To be clear, this article walks through assigning USB serial devices persistent names. If you have a USB block device and would like to give it a persistent name, the ArchWiki has you covered.

USB Serial Device Name Binding Using udev

The instructions below will work on a Linux distro that uses udev for device management. You will need root privileges to follow these instructions!

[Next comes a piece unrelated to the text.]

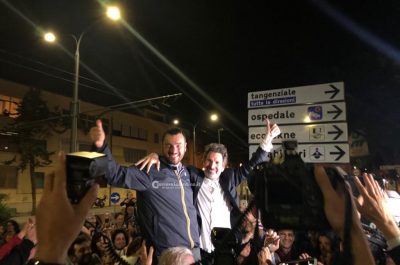 Salvemini e Delli Noci, la vittoria al primo turno che cambia la storia di Lecce: la festa in piazza - Corriere Salentino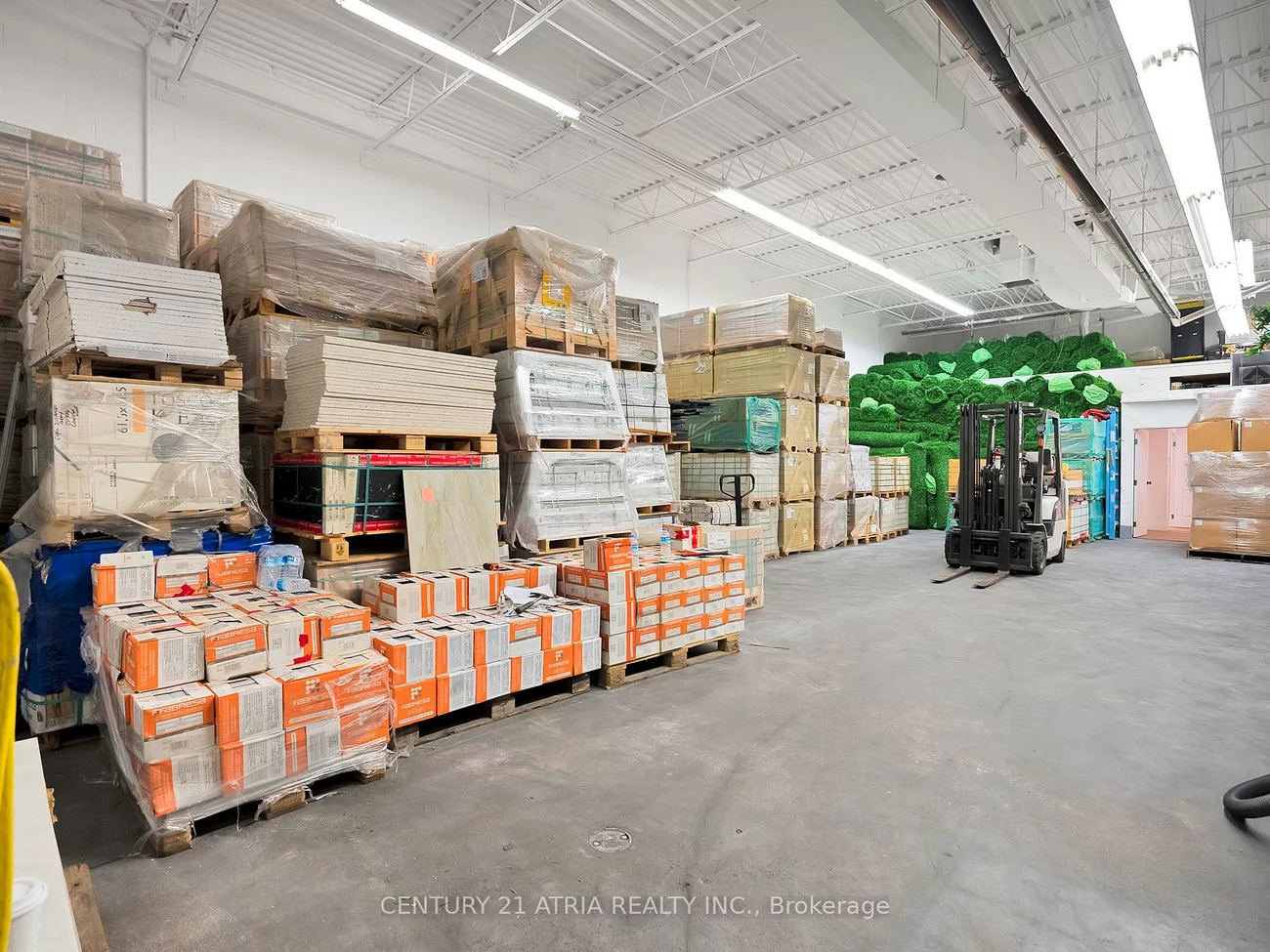 1606, Sedlescomb, Dixie, Mississauga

  1. Plugin the USB serial device.
  2. Identify the /dev/ttyUSB* name assigned to your device. There are many ways to do this. Perhaps the easiest is to grep the dmesg log to see what name the kernel gives the device:
dmesg | grep USB
  1. List the device attributes using udevadm. Replace <X> with the USB number found in step 2:
udevadm info --name=/dev/ttyUSB<X> --attribute-walk
  1. You’ll see a list of attributes for your device on the console. Find one or more attributes that uniquely identify your device. The combination of vendor ID and product ID is a good choice.
  2. Create or edit the /etc/udev/rules.d/99-usb-serial.rules file to include an entry like the one shown below. Be sure to input your own attributes and set SYMLINK to the name you’d like the device to have.
SUBSYSTEM=="tty", ATTRS{idVendor}=="067b", ATTRS{idProduct}=="2303", SYMLINK+="mydevice"
  1. Load the new rules using udevadm:
udevadm trigger
  1. Verify the USB serial device has its new name:
ls -l /dev/mydevice
  1. On reboot or when you plugin the device, the new name will persist.

To bind more device names, simply add rules to 99-usb-serial.rules. To undo these changes, delete the device’s corresponding rule in /etc/udev/rules.d/99-usb-serial.rules and run udevadm trigger.